Je suis de plus en plus impressionné et dans l'admiration face à la sagesse dont a fait preuve sainte Bernadette Soubirous à un tout jeune âge. Elle avait 14 ans quand la Vierge Marie lui est apparue. Lorsqu'elle est allée annoncer au curé de sa paroisse que la Sainte Vierge lui apparaissait et que Dieu désirait qu'il y ait à Lourdes un sanctuaire en son honneur, le curé n'a pas voulu la croire. La jeune Bernatdette a alors répondu à son curé : "Je ne suis pas chargée de vous le faire croire ; je suis chargée de vous le dire". Comme c'est beau n'est-ce pas ? Le diocèse de Montréal où j'habite, a émis en 2003 un document très important pour l'évangélisation dont le titre est : "Proposer aujourd'hui Jésus Christ" (2). Ce que Dieu nous demande ce n'est pas d'imposer notre point de vue mais de le proposer. Alors, pourquoi hésitons-nous autant à proposer aux gens ce qui les rendra le plus heureux ? "Vous êtes la lumière du monde", dit Jésus :
"Vous êtes la lumière du monde. Une ville située sur une montagne ne peut être cachée. Et l’on n’allume pas une lampe pour la mettre sous le boisseau ; on la met sur le lampadaire, et elle brille pour tous ceux qui sont dans la maison. De même, que votre lumière brille devant les hommes : alors, voyant ce que vous faites de bien, ils rendront gloire à votre Père qui est aux cieux." (Mt 5, 14-16)
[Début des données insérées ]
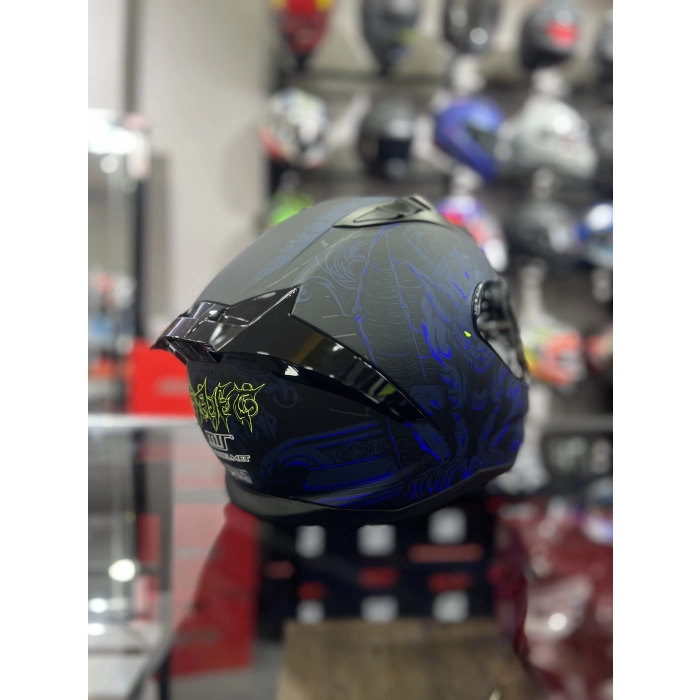 801 Navy Mavi Kapalı Kask Ayna Vizrölü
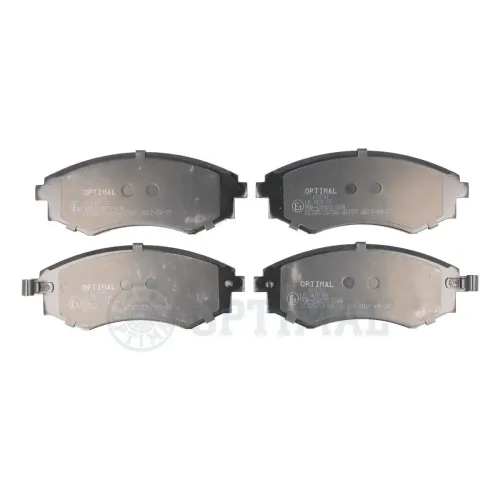 Bremsbelagsatz, Scheibenbremse Vorderachse OPTIMAL BP-10237 Bild Bremsbelagsatz, Scheibenbremse Vorderachse OPTIMAL BP-10237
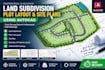 create land subdivision, plot layout and site plans land survey using autocad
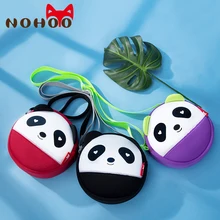 NOHOO сумка через плечо для малышей, 3D панда, детские сумки через плечо для девочек, водонепроницаемая сумка с персонажем мультфильма, маленькие детские сумки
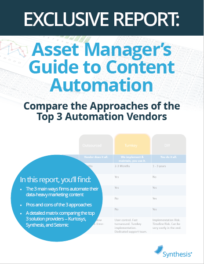 Compare the Top 3 Vendors for FactSheet Automation - Seismic, Kurtosys, and Synthesis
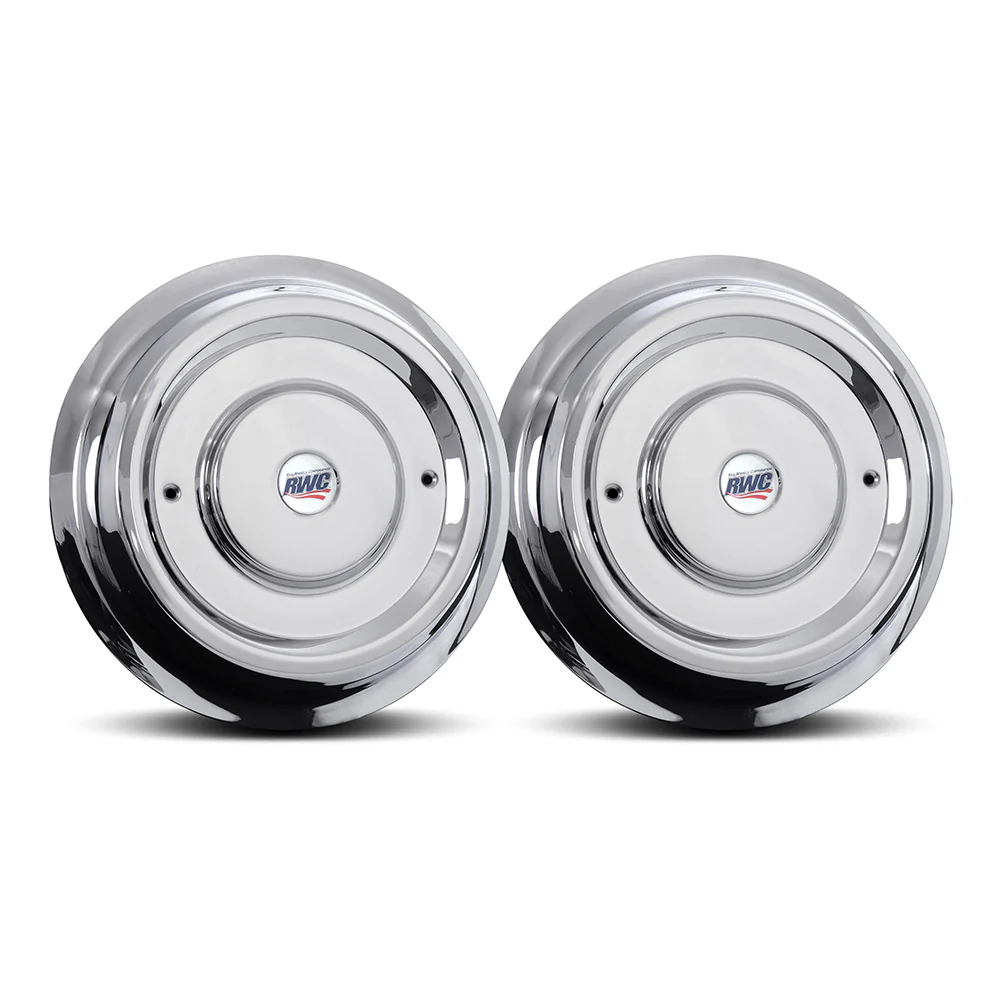 22-1/2", 24-1/2" Universal Stainless Steel Smooth Face Cover-Up for Front Hub Covers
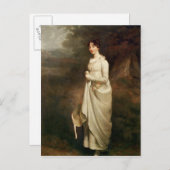 Carte Postale Portrait de Marcia. B. Fox (Devant / Derrière)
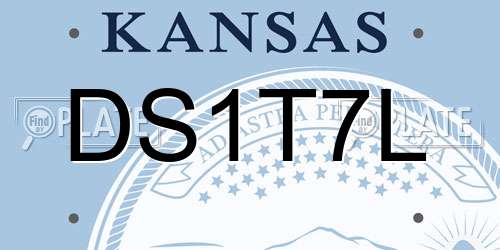 DS1T7L Kansas License Plate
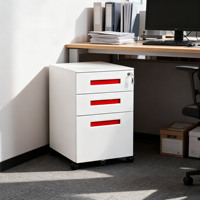 Armoire de rangement mobile à 3 tiroirs CHNSMILE, disponible en stock d'usine, taille/couleur personnalisable, organiseur de fichiers sous le bureau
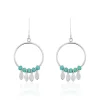 Discount Histoire d'Or Boucles D'oreilles Pendantes Polyna Argent Blanc Pierre De Synthese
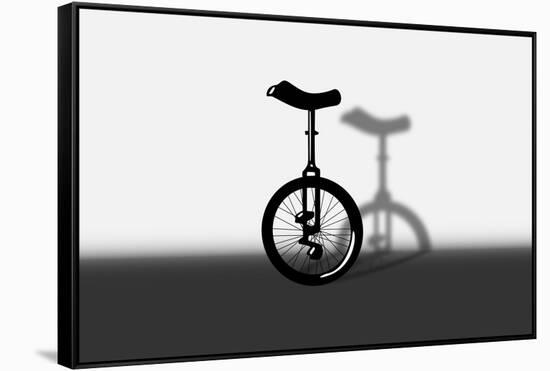 Unicycle Portrait-exty-Framed Stretched Canvas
L'appel des premiers disciples :
L'évangile de ce dimanche se termine par l'appel des quatre premiers disciples de Jésus : Pierre et André, Jacques et Jean. Jésus les invite à une véritable conversion, c'est-à-dire à un radical changement de vie et ils acceptent. À Pierre et André, Jésus dit : " Venez à ma suite, et je vous ferai pêcheurs d'hommes." Autrement dit : "Devenez mes disciples et je vous ferai pêcheurs d'hommes." Il est important de noter qu'il s'agit ici de l'appel des premiers "disciples" et non pas de l'appel des apôtres. Nous sommes au chapitre 4 de saint Matthieu. Plus tard, Jésus passera une nuit en prière pour demander à son Père de lui indiquer lesquels parmi ses disciples, il devait appeler comme apôtres. Mais ici il s'agit de l'appel des disciples, et donc de tout baptisé.
C'est en tant que disciples de Jésus que nous sommes "pêcheurs d'hommes". C'est en tant que disciples de Jésus que nous devons amener des gens à lui. Autrement dit, nous ne pouvons pas être disciples sans être missionnaires. C'est pour cette raison que le pape François a inventé un mot dans le plus important document de son pontificat : "La joie de l'Évangile". Il a inventé le mot "disciple-missionnaire" car on ne peut pas être disciple sans être missionnaire, sans annoncer Jésus et attiré des gens à lui. Prions chaque jour pour que nous devenions de meilleurs missionnaires puisque nous nous considérons comme étant des disciples de Jésus.